WHAT TO DO | Lower down are entries containing pictures. Copy exactly, without those pictures, the lines from the line with "slide 1 of 1, Peeps" through the line with "brunette woman taking".

RECORDS SHOWN |

'''

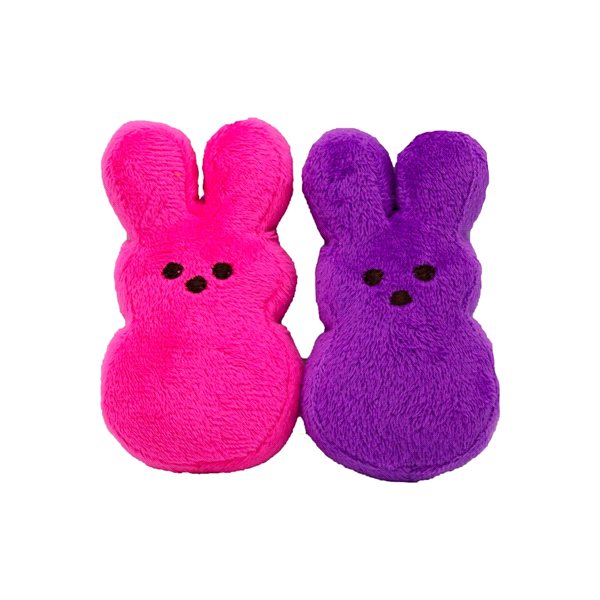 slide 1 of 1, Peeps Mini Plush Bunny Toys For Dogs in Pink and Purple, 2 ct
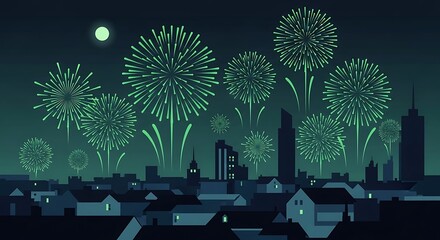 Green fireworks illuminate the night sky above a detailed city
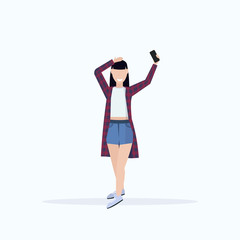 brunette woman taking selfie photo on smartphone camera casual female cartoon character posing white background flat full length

'''
'''

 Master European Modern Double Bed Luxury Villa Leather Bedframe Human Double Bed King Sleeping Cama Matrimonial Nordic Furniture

'''

WRITTEN RESPONSE |
 slide 1 of 1, Peeps Mini Plush Bunny Toys For Dogs in Pink and Purple, 2 ct
 Green fireworks illuminate the night sky above a detailed city
 brunette woman taking selfie photo on smartphone camera casual female cartoon character posing white background flat full length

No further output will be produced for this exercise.